Torchwood: Miracle Day does the impossible, or at least difficult.
It takes a hit U.K. series and neither remakes it with Americans nor keeps it the same for U.S. consumption. (It premieres Friday, tomorrow, on Starz at 10 p.m.)
Instead it takes the U.K. stars and grafts Americans into the cast, shifts the setting to the United States, and retains a winning combination of action, pyrotechnics, stress-relieving (for the characters) sex, humor and global peril.
The underlying premise, the “miracle,” is that people stop dying. Including condemned killer Oswald Danes (Bill Pullman), who’s the first to demonstrate the new human condition when his lethal injection leaves him shaken but alive. Health policy issues arise, including how to handle the people who should be dead but aren’t, and how to fairly distribute the pain medication so many people need.

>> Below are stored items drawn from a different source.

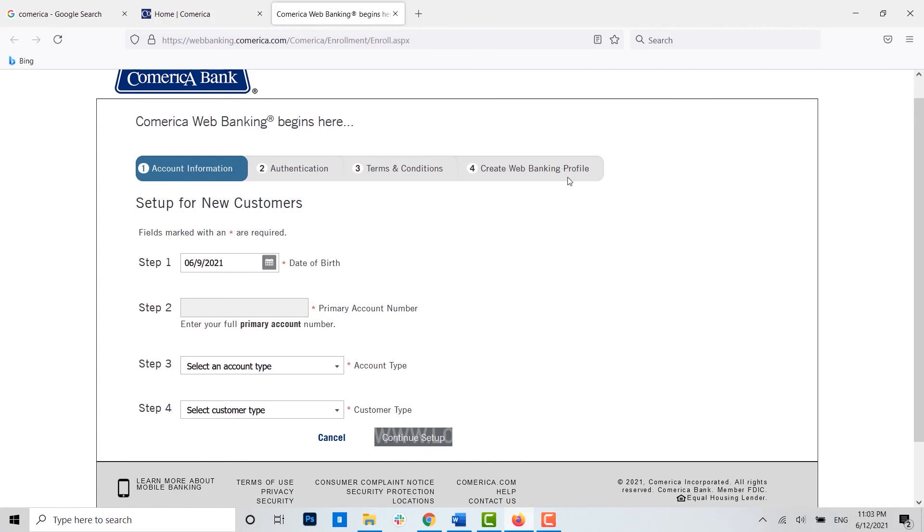Hope this video was useful and you have learned how easily you can sign up for online banking in Comerica Bank. Please like and subscribe the Logging Aid channel and also don't forget to click on the bell icon for the notification and updates. Thank you.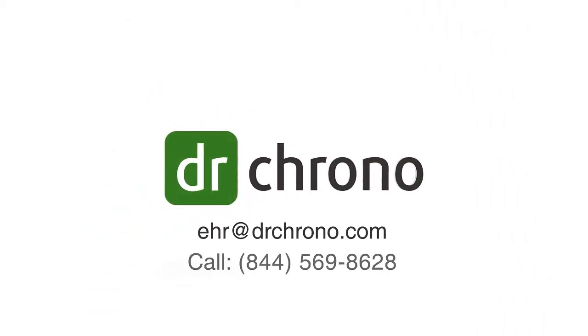Contact Dr. Chrono today to learn more at EHR at drchrono.com or call toll-free at 1-844-569-8628.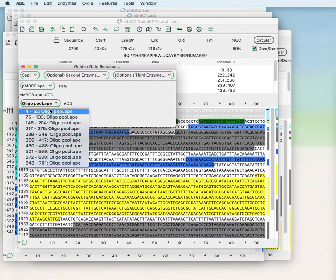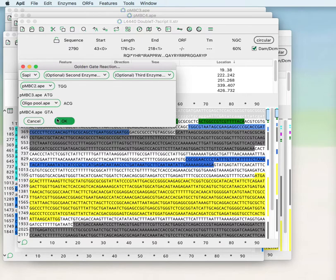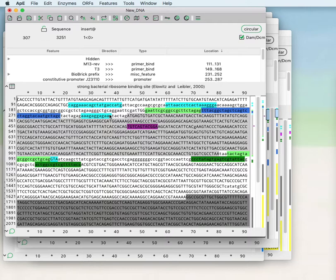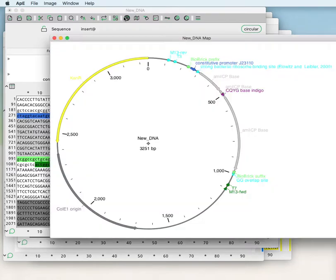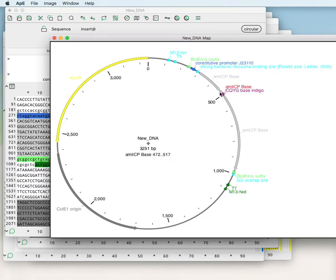So we can generate, for example, the product when oligo one is inserted. And you can see that now there is a new sequence generated that has a different sequence here in the middle of this coding region.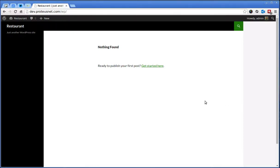Hello, this is Primoz again from Proteus Themes and in this short video I will show you how to install and configure our theme restaurant.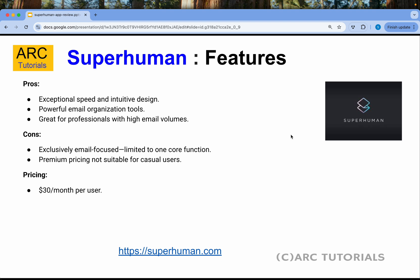What are some of the pros and cons? It has exceptional speed and intuitive design. It has powerful email organization tools and is great for professionals dealing with a large volume of emails who want to focus, categorize, and prioritize — I think this is for you.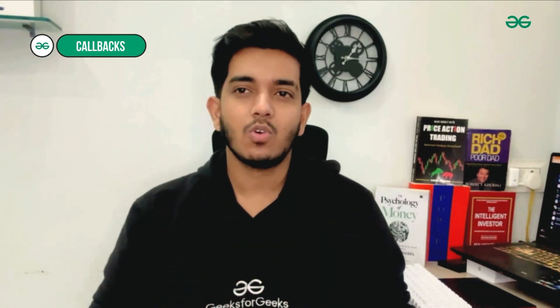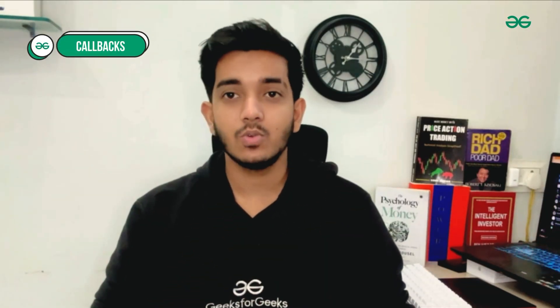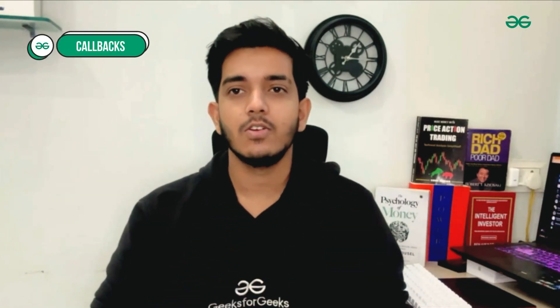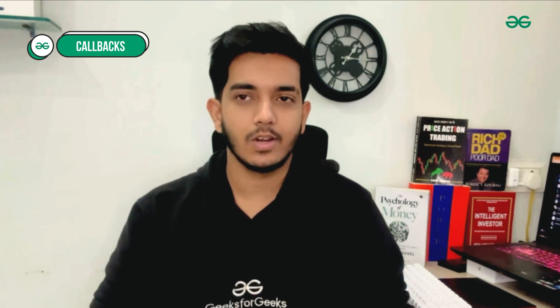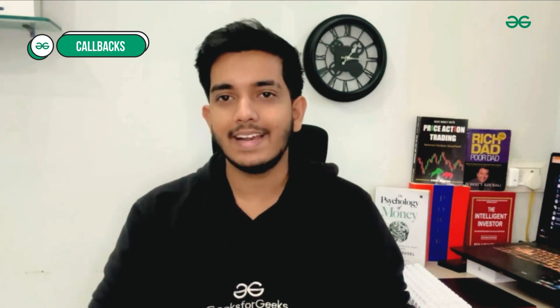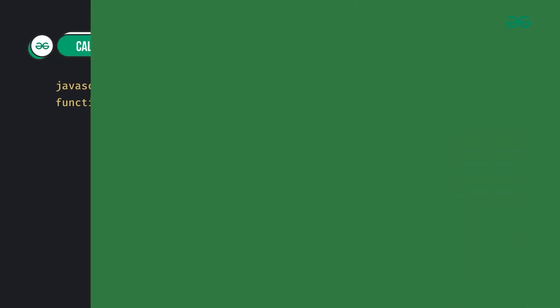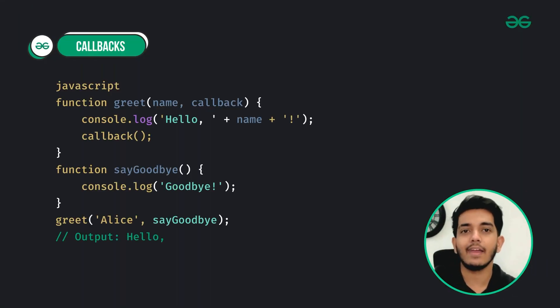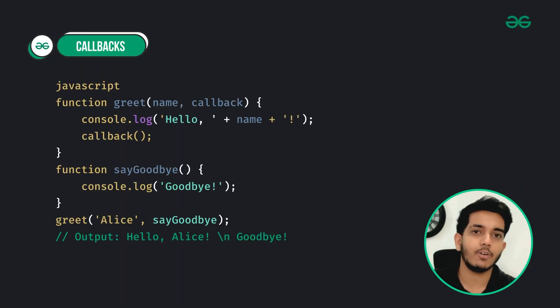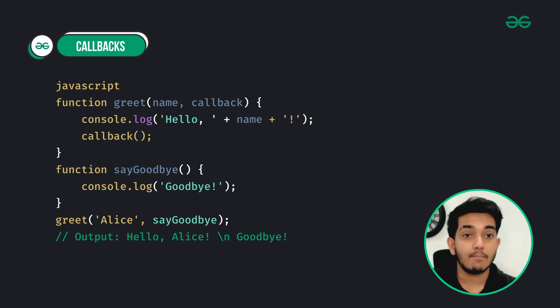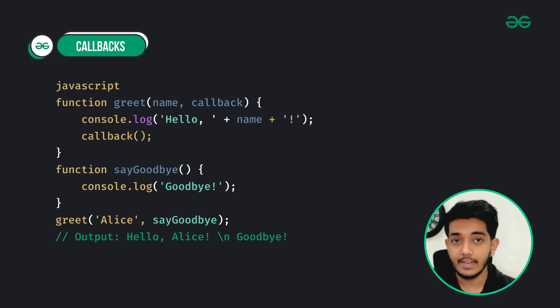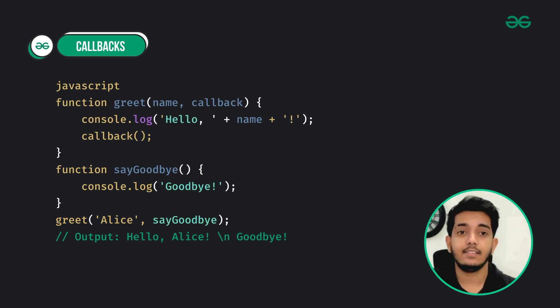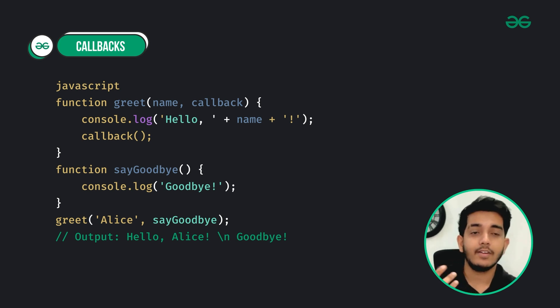Number five is callbacks. Callbacks are functions passed as arguments to other functions, to be executed later. Here you can see that sayGoodbye is a callback function passed to the greet function, which gets executed after the greeting.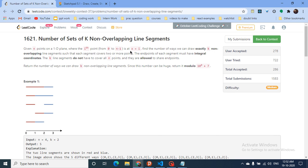Hello friends. Today we can discuss a problem from the latest LeetCode bi-weekly contest 37, problem C: number of sets of K non-overlapping line segments. It's a problem requested by a lot of my members and friends. This is a DP problem. I will put this video in a DP playlist I already have on my channel so you can check it out.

Some kind of global conspiracy is at work, and the only ones really capable of solving the mystery are the remaining members of Torchwood, the British intervention agency. Meaning Capt. Jack Harkness (John Barrowman) and Gwen Cooper (Eve Myles).
They add two CIA operatives to their mix on this side of the Atlantic: field agent Rex Chapman (ER’s Mekhi Phifer) and analyst Esther Drummond (Alexa Havins). Pullman, who becomes a spokesman for the drug company PhiCorp (a malevolent presence); Lauren Ambrose (Six Feet Under), as an ambitious P.R. rep for PhiCorp; and Arlene Tur as Dr. Vera Juarez, an activist physician helping Chapman and Torchwood, round out the core cast for the 10-episode series.

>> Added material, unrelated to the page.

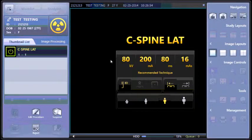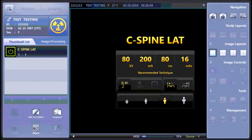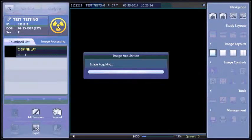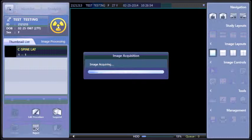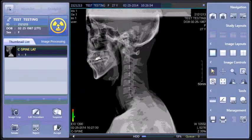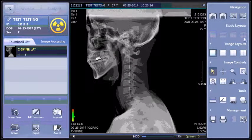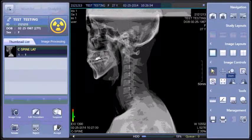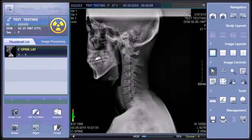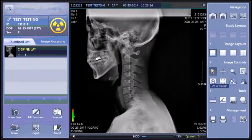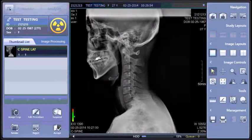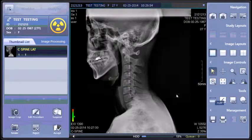Now you are ready to take your x-ray. Once the image appears on the screen, use your toolbar on the right-hand side to zoom, pan, crop, invert, window level, and so on.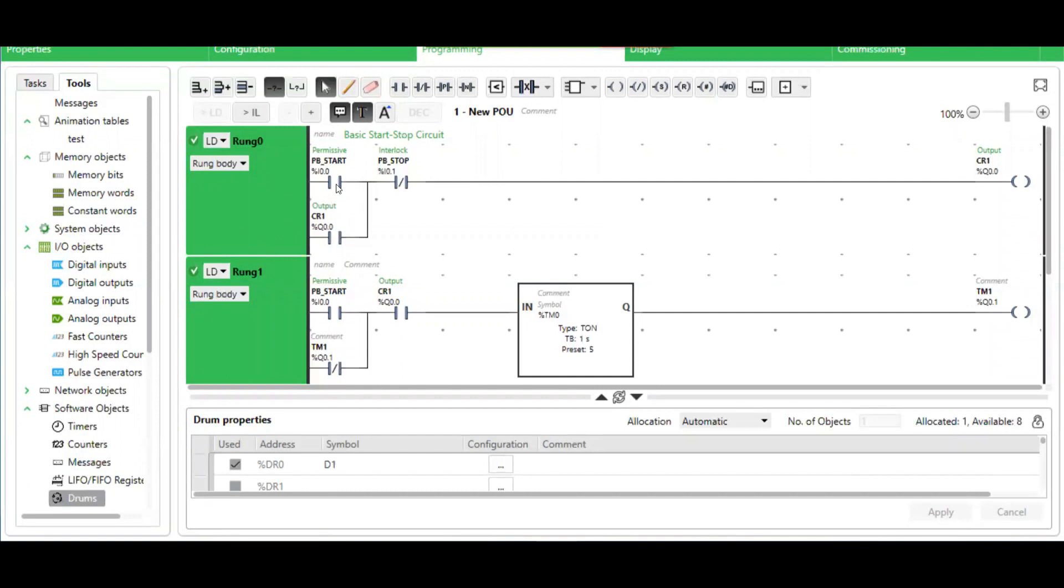This contact represents a start push button. This contact, normally closed, represents a stop push button.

Creator Russell T Davies (who famously deemed Eve Myles “Wales’s best-kept secret”), BBC Worldwide Productions executive producers Julie Gardner and Jane Tranter, and Starz have perfected the cross-Atlantic merger with Miracle Day.
For an interview with the effusive Myles and Havins my colleague Tom Umstead did at The Cable Show in Chicago, look higher on our homepage or click here. Myles made a big impression on a New York City audience ahead of the last Torchwood, the chilly 5-night epic Children of Earth, in 2009, and you can revisit that energy here.
By the way, if you were like Multichannel News contributor Larry Jaffe and spotted a tear-masked procession down Fifth Avenue today (see photo), it was a re-enactment of the sorrowful undead from Miracle Day.